O homem começou a apresentar os primeiros sintomas da doença em 19 de abril e faleceu no dia 25, no Hospital da Vida.
Apesar do aumento no número de mortes, a procura pela vacina contra Chikungunya no primeiro dia da campanha de vacinação ficou abaixo da expectativa da Secretaria Municipal de Saúde.

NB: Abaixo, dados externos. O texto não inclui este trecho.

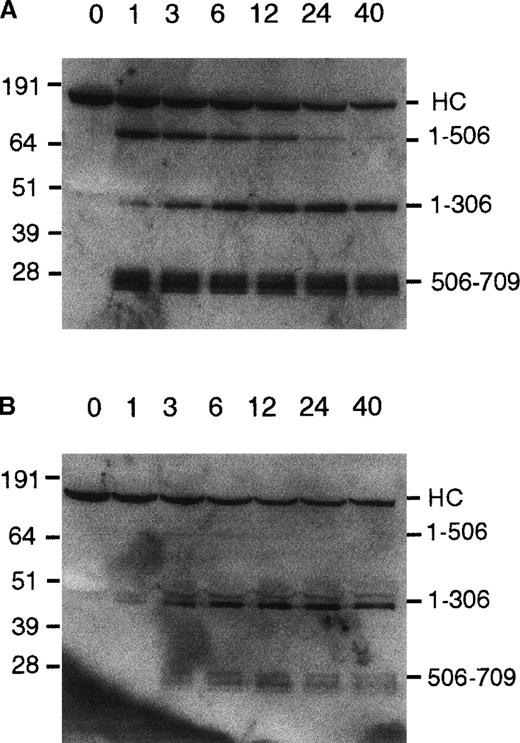 Fig. 5. Western blot of FVa inactivation by wild-type APC and 306-314AAAA-APC. / (A) Wild-type APC, 200 pmol/L. (B) 306-314AAAA-APC, 2 nmol/L. FVa at a concentration of 20 nmol/L was incubated in 50 mmol/L HEPES, pH 7.4, 100 mmol/L NaCl, 5 mmol/L CaCl2, 0.1 mmol/L MnCl2, 0.1% BSA with 25 μmol/L phospholipid vesicles. APC was added and aliquots were removed at 1 through 40 minutes. The Western blot was developed as described in “Materials and methods.” Molecular weight standards are indicated on the left in kilodalton units. On the right fragments of the FVa heavy chain are labeled. HC = intact FVa heavy chain.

As Unidades Básicas de Saúde (UBS) aplicaram apenas 207 doses na segunda-feira (27), enquanto nas Aldeias Bororó e Jaguapiru apenas 30 pessoas procuraram as UBS para receber a vacina contra essa grave doença.
Na segunda-feira (27), o COE (Centro de Operações de Emergências em Saúde Pública) confirmou outra morte suspeita: de um paciente de 50 anos, do gênero masculino, de cor branca, que estava internado na Unidade de Pronto Atendimento (UPA).

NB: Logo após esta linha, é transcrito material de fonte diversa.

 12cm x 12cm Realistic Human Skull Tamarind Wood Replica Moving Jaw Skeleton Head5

A exemplo do número de novos casos da doença, o número de internações também caiu nos últimos dias.
O Informe Epidemiológico divulgado nesta terça-feira aponta que Dourados tem 33 pacientes internados com Chikungunya, sendo 1 no Hospital Porta da Esperança (Missão Caiuá), 22 no Hospital Universitário HU-UFGD, 3 no Hospital Cassems, 3 no Hospital Regional, 1 no Hospital da Vida e 3 no Hospital Evangélico Mackenzie.
O documento mostra ainda que o município já registrou 7.100 notificações, com 5.187 casos prováveis e 2.554 casos confirmados de Chikungunya. São 1.913 casos descartados e 2.663 casos em investigação. Os registros exclusivos da Reserva Indígena apontam 3.051 notificações, com 2.412 casos prováveis e 1.461 casos confirmados, além de 639 casos descartados e 951 casos em investigação.
O documento mostra que a curva epidêmica de casos notificados apresentada no gráfico reflete o avanço da Chikungunya ao longo das semanas epidemiológicas desse ano totalizando 6.986 notificações, apresentou diminuição as semanas posteriores, o que indica que a epidemia ainda está em curso.
Apesar da queda no número de novos casos, o Centro de Operações de Emergências em Saúde Pública alerta que a curva de positividade da Chikungunya segue em níveis elevados ao longo dos últimos 15 dias.
“É preciso manter a atenção total, redobrar os cuidados preventivos, como recolhimento de lixo para o local correto, acabar com pontos de água parada e buscar a vacinação, já que a procura no primeiro dia da campanha foi muito baixa”, enfatiza Marcio Figueiredo, secretário municipal de Saúde e coordenador-geral do COE.